Ryanair flights will today take to the skies above Northern Ireland for the first time since the Icelandic volcanic ash crisis.

The budget airline’s flights — set to resume at 5am — are the first full scheduled services from George Best Belfast City Airport since UK air space was closed last week.

The no-frills company is the last airline to resume flights in Northern Ireland.

On Tuesday night, flights started landing in the UK after a six-day shutdown of UK airspace with schedules slowly turning back to normal.

A spokesman for George Best Belfast City Airport last night said: “All airlines are now operating with the exception of Ryanair which will commence services tomorrow, starting with their flight to Stansted, London.”

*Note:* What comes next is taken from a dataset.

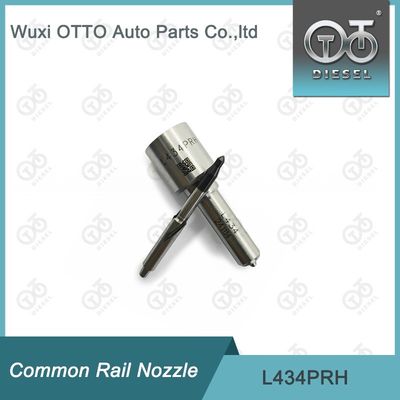 L434PRH ugello Common Rail per iniettore diesel 28270450 applicato JCB T4 129KW 4.8L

Belfast International Airport said the vast majority of flights, including air cargo, operated yesterday “with the exception of a very small number of cancellations”.

The spokeswoman was “hopeful” the full service would be back to normal today, but still asked passengers to check websites.

“While activity is returning to normal, our best advice still remains for intending passengers to refer directly to airline websites for the most up-to-date information in relation to their flight, paying particular attention to temporary check-in procedures and aiming to arrive promptly once a decision has been taken to travel to the airport,” the spokeswoman said.

Services to and from City of Derry Airport are also expected to operate normally today.

Following the massive disruption — which was estimated to have affected 1.2 million passengers a day worldwide — airlines were making extra seats available.

Ryanair last night said it had scheduled a number of additional flights from the Republic to Europe and from the UK to Europe to allow stranded passengers to return home.

Chief executive Michael O’Leary said passengers who have been disrupted now have the option of transferring onto the extra flights free of charge using the Manage My Booking system.

He added: “A limited number of seats will be available to passengers who previously selected a refund from Ryanair, but still find themselves disrupted, for a discounted one-way fare of £100 (plus taxes and charges) on,” he said.

Aer Lingus also confirmed that all flights between the Republic and the UK, Europe and US are scheduled to operate today.

Meanwhile, easyJet was yesterday flying a full schedule of 1,100 flights. The company also offered 13 additional rescue flights today to destinations where large numbers of customers are stranded.